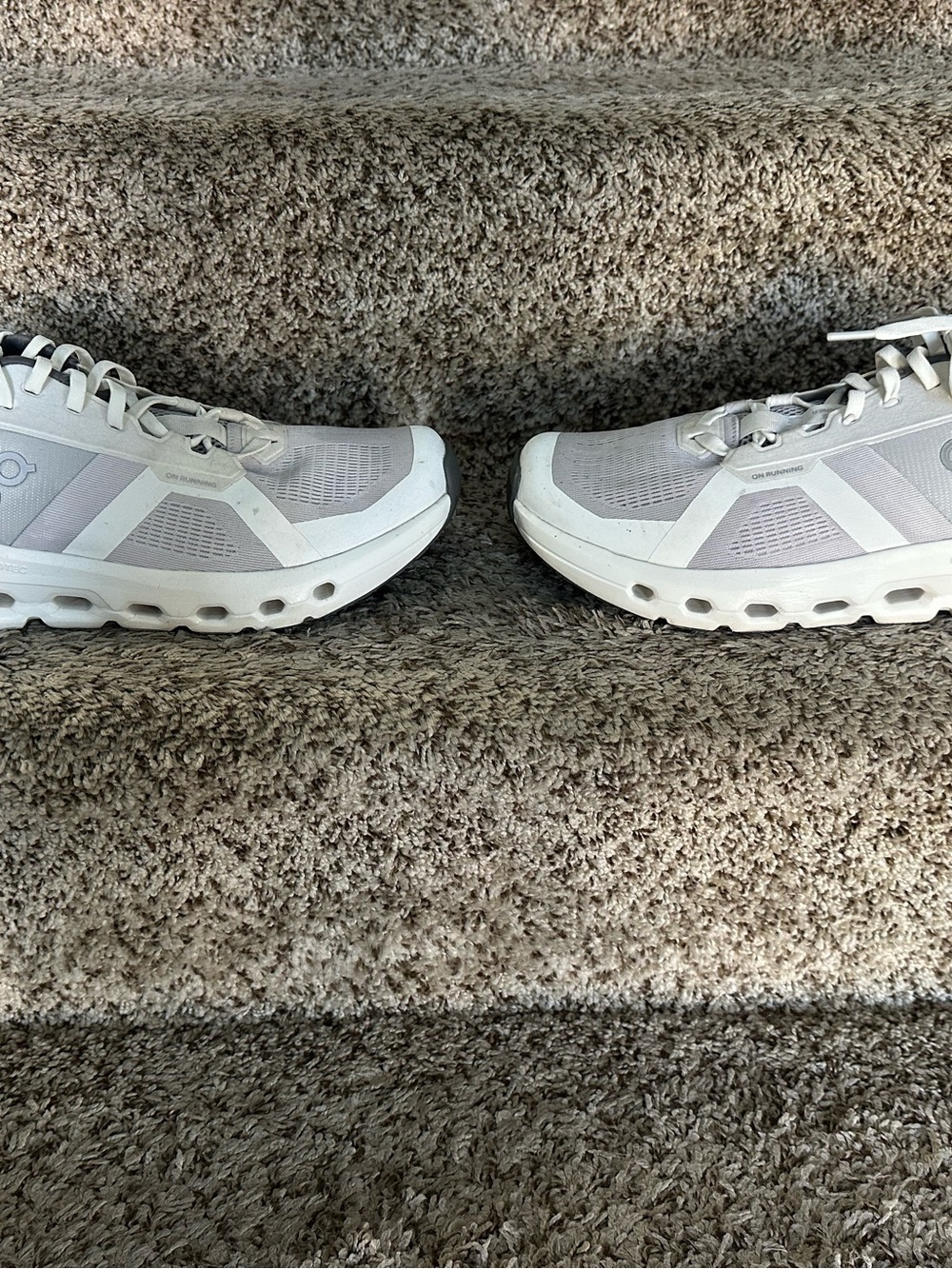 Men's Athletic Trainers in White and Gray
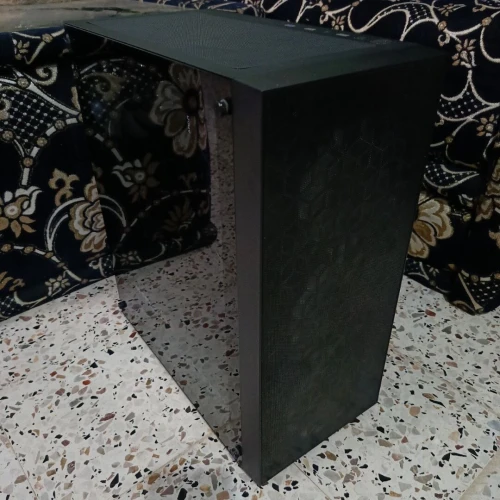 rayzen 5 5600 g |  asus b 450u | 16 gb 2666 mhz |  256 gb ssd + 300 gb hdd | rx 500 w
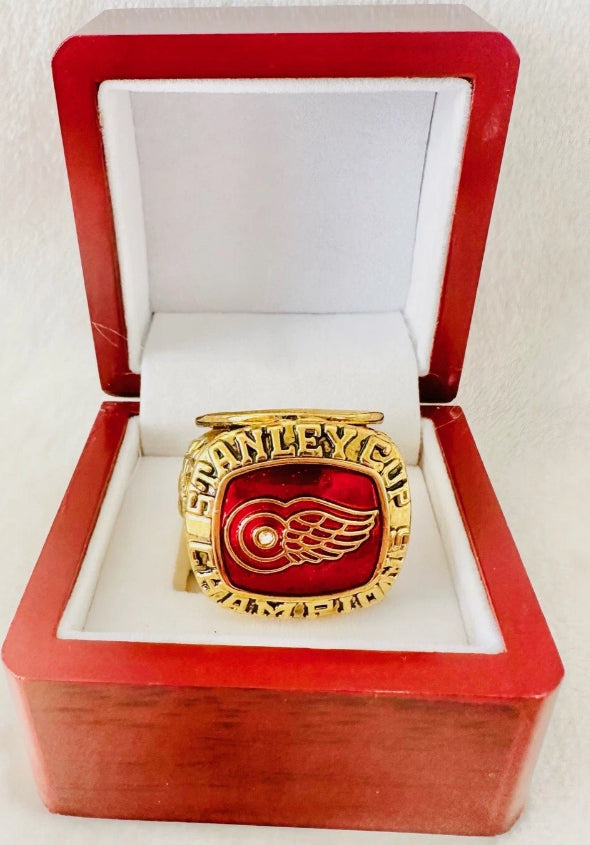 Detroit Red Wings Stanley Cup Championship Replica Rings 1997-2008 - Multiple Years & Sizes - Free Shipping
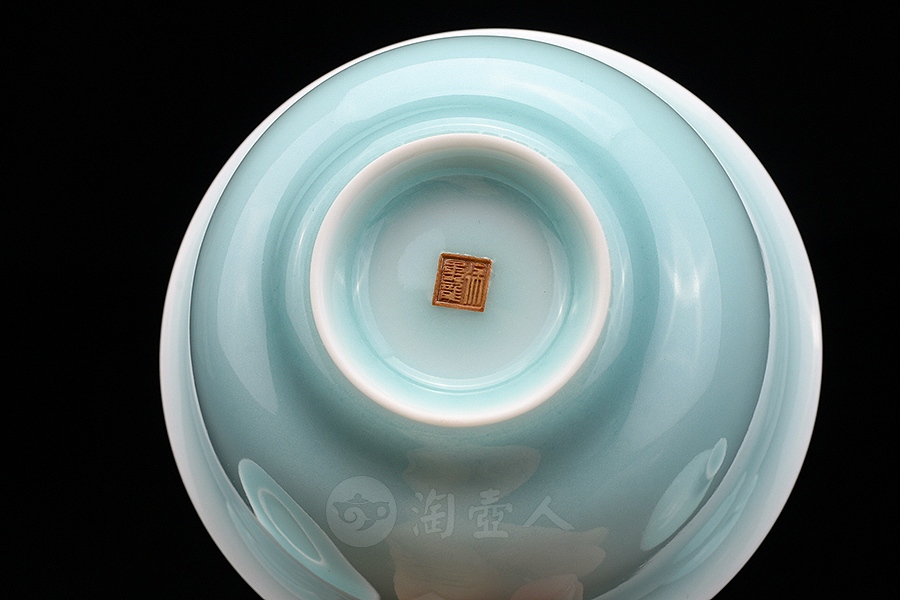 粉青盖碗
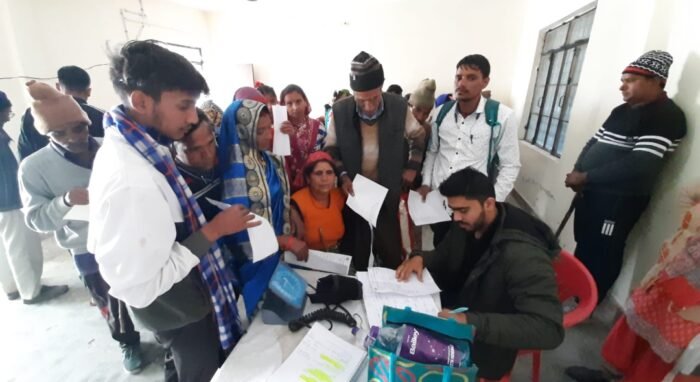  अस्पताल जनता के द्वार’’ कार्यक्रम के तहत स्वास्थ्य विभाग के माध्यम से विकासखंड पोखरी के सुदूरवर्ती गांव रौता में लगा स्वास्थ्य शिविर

Work order:
Leaving the pictures aside, output each entry above exactly as written.

Exercise result:
 Men's Athletic Trainers in White and Gray
 rayzen 5 5600 g |  asus b 450u | 16 gb 2666 mhz |  256 gb ssd + 300 gb hdd | rx 500 w
 Detroit Red Wings Stanley Cup Championship Replica Rings 1997-2008 - Multiple Years & Sizes - Free Shipping
 粉青盖碗
  अस्पताल जनता के द्वार’’ कार्यक्रम के तहत स्वास्थ्य विभाग के माध्यम से विकासखंड पोखरी के सुदूरवर्ती गांव रौता में लगा स्वास्थ्य शिविर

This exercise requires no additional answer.